Since becoming the Big Four firm's senior partner and chief executive officer in 2011, financial performance at Deloitte's UK has been good. Revenues have risen to £2.5bn from £2.3bn, fee income is up in all its main service lines - audit, tax and consulting - while insolvency practitioners working on behalf of the firm have taken on some of the most high-profile administrations of the past year.
On the flip side, Sproul has had to contend with a barrage of negative headlines - ranging from a spat with Lloyds Banking Group over the running of a call centre dealing with payment protection insurance complaints, to defending audit work carried out at Autonomy following allegations of accounting misrepresentations at the UK technology company prior to its acquisition by Hewlett Packard.
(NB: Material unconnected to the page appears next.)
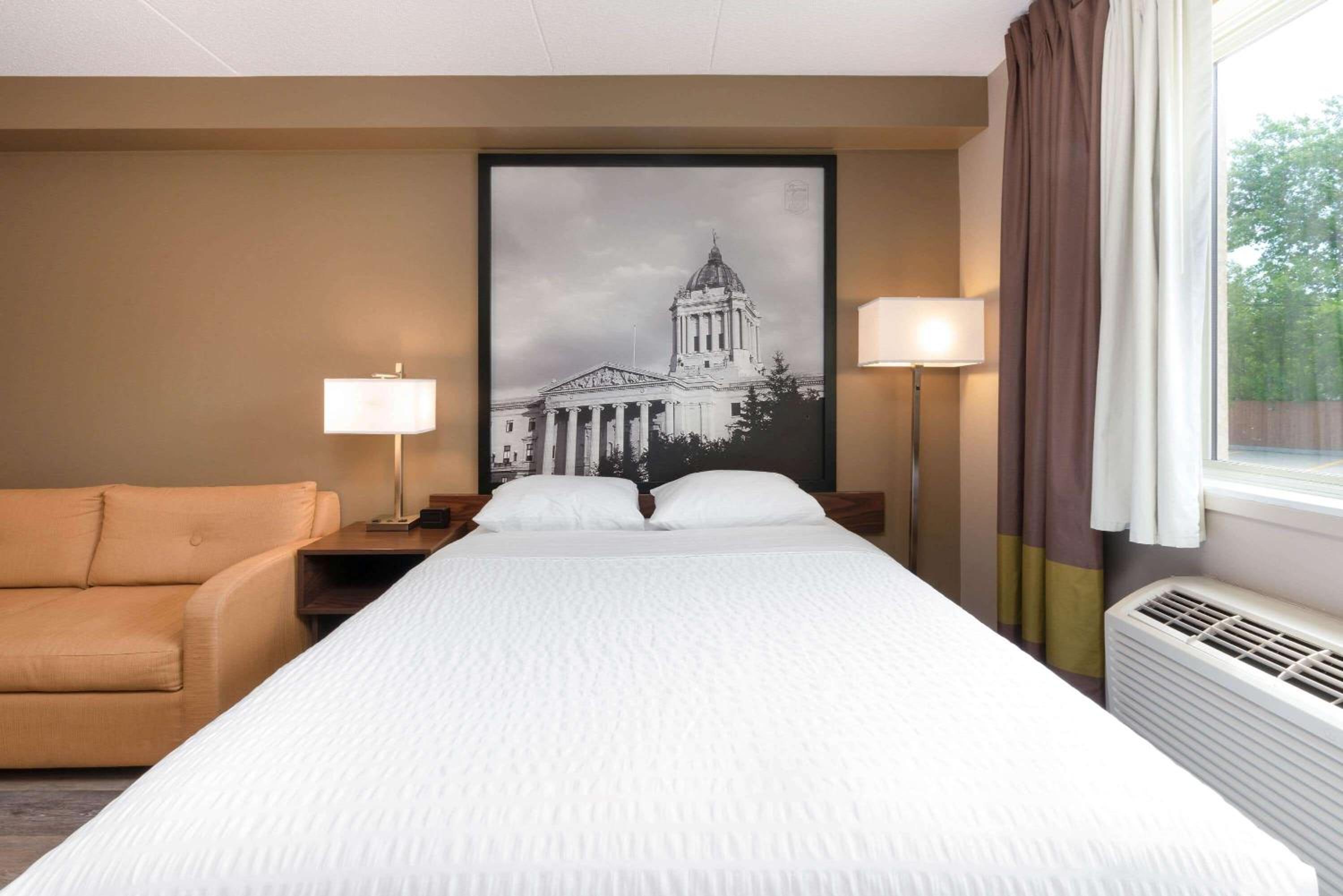 غرفة بزنس بسرير كوين مع أريكة، Super 8 by Wyndham Winnipeg West 3/10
Deloitte has categorically denied any knowledge of alleged accounting deficiencies at Autonomy. However, the allegation that rankles most is that it committed misconduct when advising the owners of MG Rover in 2000 over two transactions.
The firm and its corporate finance partner Maghsoud Einollahi were recently found guilty of misconduct in an independent tribunal held in July after the FRC alleged that Deloitte and Einollahi failed to adequately consider the public interest and mitigate risks of conflicts when handling the sale of the now defunct car maker.
Slapped with a record-breaking £14m fine from the FRC - the first to be handed out since the watchdog made its sanctions more punitive - Sproul could be expected to rail against the size of the punishment.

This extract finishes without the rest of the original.